• **Data to use**:
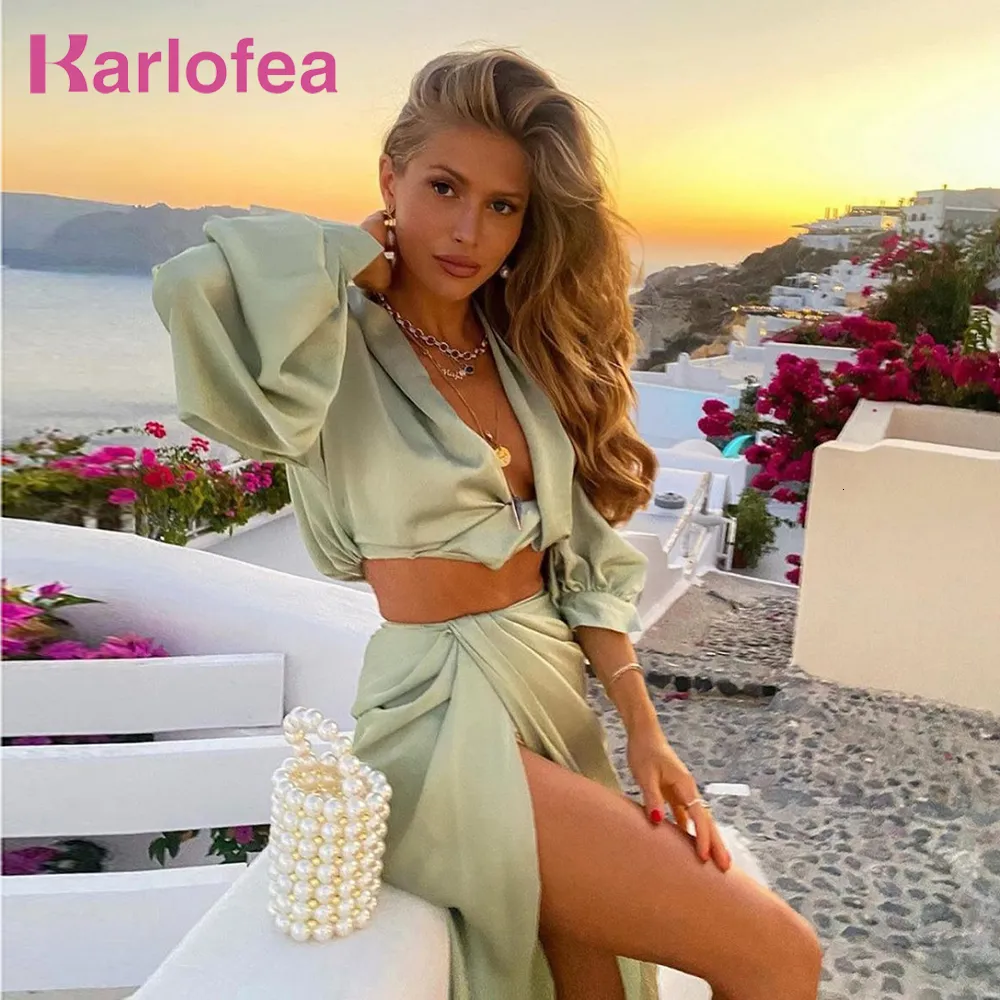 Tvådelad klänning Karlofea 2 -stycken Set Women Summer Beach Vacation Outfits Sexiga beskurna bluströjor Hög split lång kjol Matchande kostym Kläder 230130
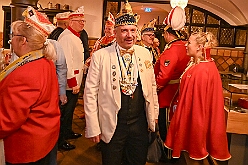 Prinzentref KoenigBrau 2026- 02-02 03  Prinzentreffen in der Brauerei - Auf Initiative von Tobias Ostermann, Verkaufsleiter Ruhrgebiet, und HDK Präsident Michel Jansen lud die König Brauerei in Kooperation mit dem HDK zum Prinzentreffen in den Theodor-König-Keller auf dem Gelände der König Brauerei. Dieser spontanen Einladung folgten die Tollitäten aus Essen, Oberhausen und Moers. Prinz Toni I. erwies sich als sympathischer Co-Gastgeber bei diesem unterhaltsamen Abend. : DVPJ, Toni I, Jules I., Prinz Karneval, Prinz, Prinzessin Aileen I., Hofmarschälle, Page, Pagen, Paginnen, HDK, Duisburg, Karneval, Helau, Tollität, Event, Session 2025, Session 2025, HDK Duisburg, Hauptausschuss, Hauptausschuss Karneval Duisburg, Duisburg ist echt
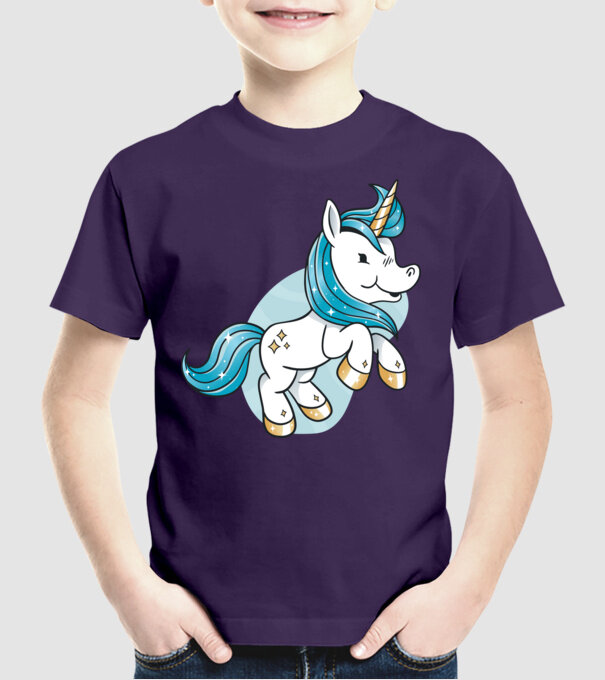 Unicorn drăguț model mov pe tricou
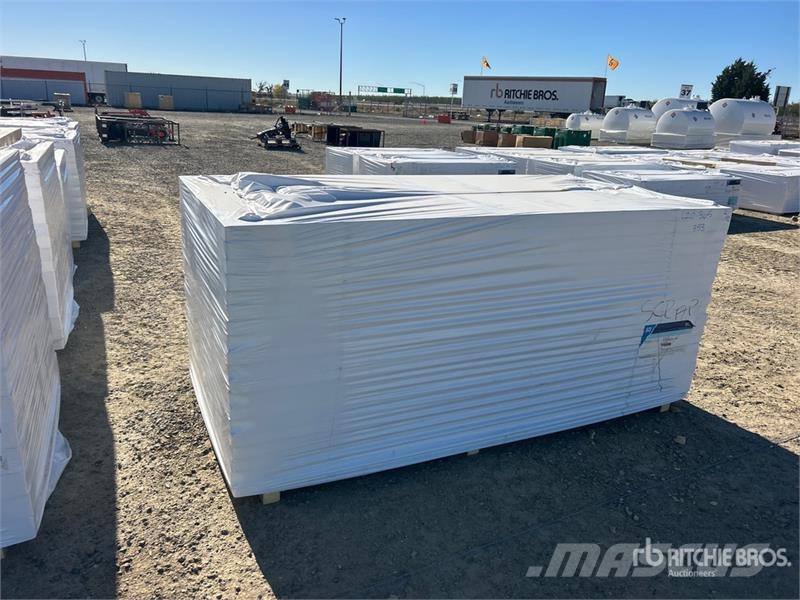  Quantity of (12) Pallets of 96 in x 48 in Polyiso  Talhas, guinchos e elevadores de materiais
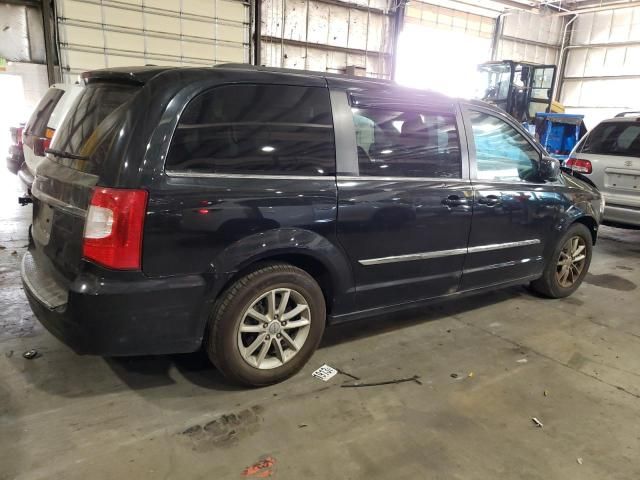 2015 Chrysler Town & Country Touring L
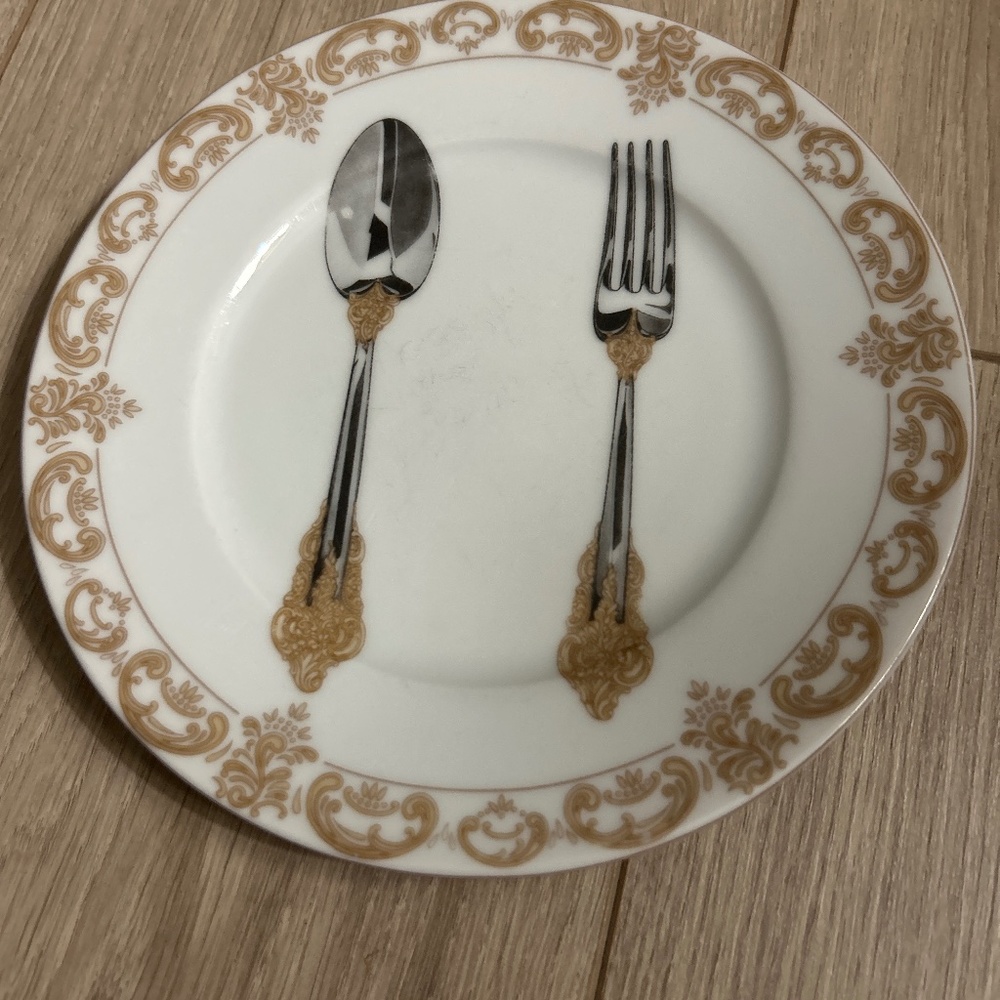 Email de Limoges 7 1/2” round plate.  Hand Decorated. Artist Marino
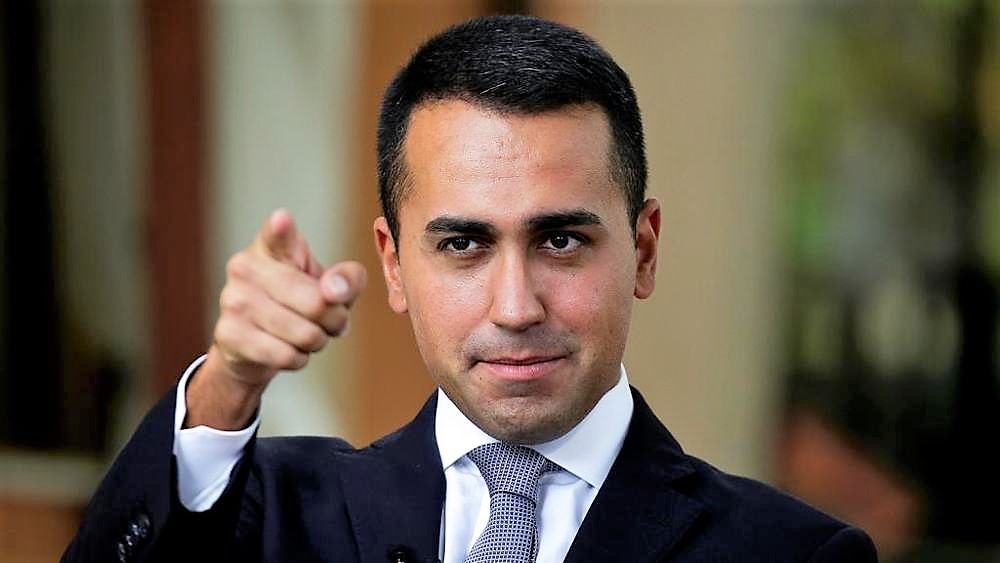 “Salvini scelga, o noi o Berlusconi”: i grillini non mollano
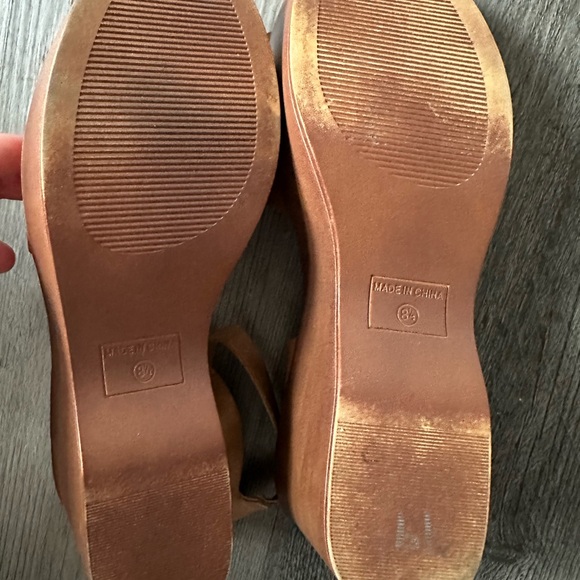 🌻 Tan Platform Wedge Sandals 🌻 - Picture 3 of 4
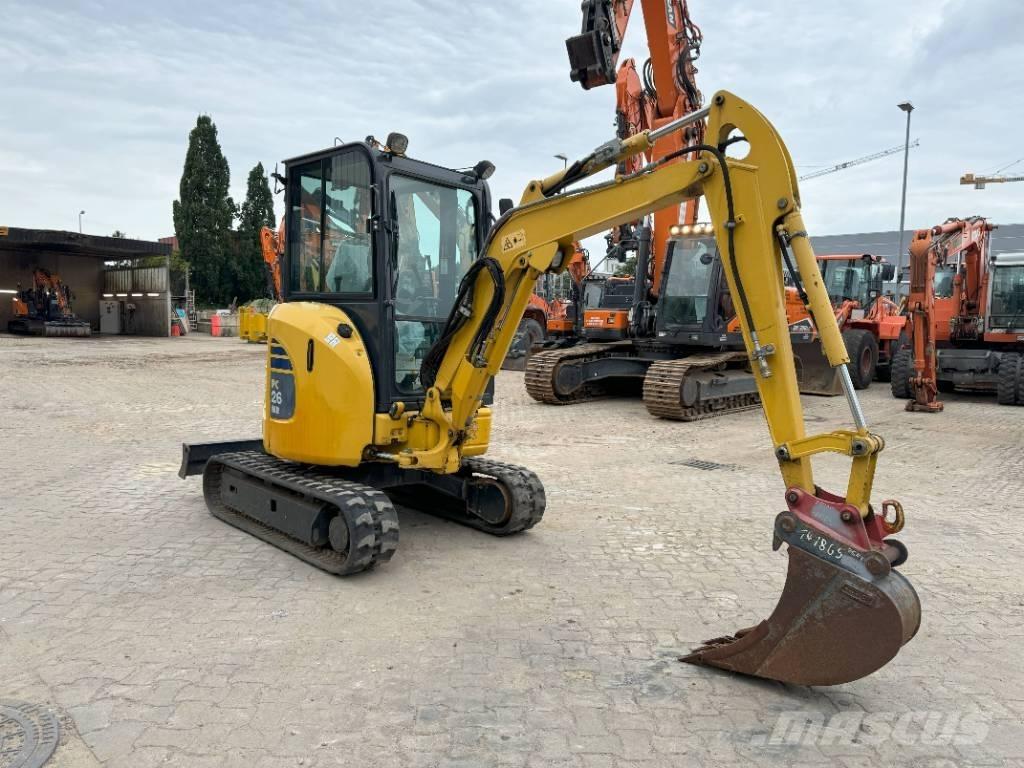Komatsu PC26MR-3 小型挖掘机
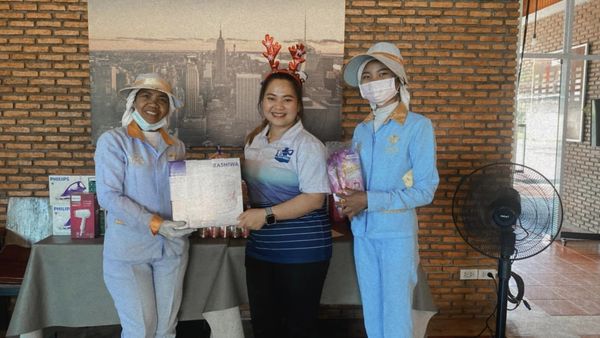 สนามกอล์ฟหริภุญชัย กอล์ฟคลับ 3 people and people standing สนามกอล์ฟหริภุญชัย กอล์ฟคลับ 3 people and people standing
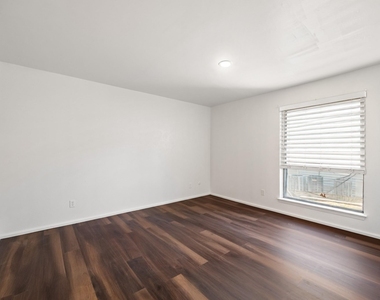 919 S Weatherred Drive - Photo Thumbnail 12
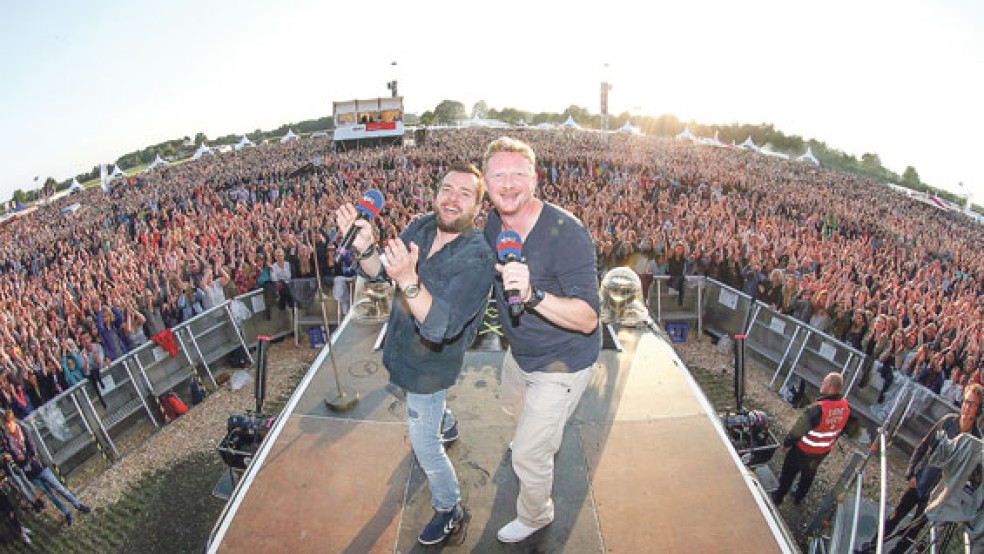 Das Moderatoren-Gespann Jens Marhold (links) und Holger Ponik wird durch das »NDR 2 Papenburg Festival« am 1. September führen. © Foto: privat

• **What is needed**: Retype the data shown above exactly, excluding any picture it contains.

• **Expected output**:
 Tvådelad klänning Karlofea 2 -stycken Set Women Summer Beach Vacation Outfits Sexiga beskurna bluströjor Hög split lång kjol Matchande kostym Kläder 230130
 Prinzentref KoenigBrau 2026- 02-02 03  Prinzentreffen in der Brauerei - Auf Initiative von Tobias Ostermann, Verkaufsleiter Ruhrgebiet, und HDK Präsident Michel Jansen lud die König Brauerei in Kooperation mit dem HDK zum Prinzentreffen in den Theodor-König-Keller auf dem Gelände der König Brauerei. Dieser spontanen Einladung folgten die Tollitäten aus Essen, Oberhausen und Moers. Prinz Toni I. erwies sich als sympathischer Co-Gastgeber bei diesem unterhaltsamen Abend. : DVPJ, Toni I, Jules I., Prinz Karneval, Prinz, Prinzessin Aileen I., Hofmarschälle, Page, Pagen, Paginnen, HDK, Duisburg, Karneval, Helau, Tollität, Event, Session 2025, Session 2025, HDK Duisburg, Hauptausschuss, Hauptausschuss Karneval Duisburg, Duisburg ist echt
 Unicorn drăguț model mov pe tricou
  Quantity of (12) Pallets of 96 in x 48 in Polyiso  Talhas, guinchos e elevadores de materiais
 2015 Chrysler Town & Country Touring L
 Email de Limoges 7 1/2” round plate.  Hand Decorated. Artist Marino
 “Salvini scelga, o noi o Berlusconi”: i grillini non mollano
 🌻 Tan Platform Wedge Sandals 🌻 - Picture 3 of 4
Komatsu PC26MR-3 小型挖掘机
 สนามกอล์ฟหริภุญชัย กอล์ฟคลับ 3 people and people standing สนามกอล์ฟหริภุญชัย กอล์ฟคลับ 3 people and people standing
 919 S Weatherred Drive - Photo Thumbnail 12
 Das Moderatoren-Gespann Jens Marhold (links) und Holger Ponik wird durch das »NDR 2 Papenburg Festival« am 1. September führen. © Foto: privat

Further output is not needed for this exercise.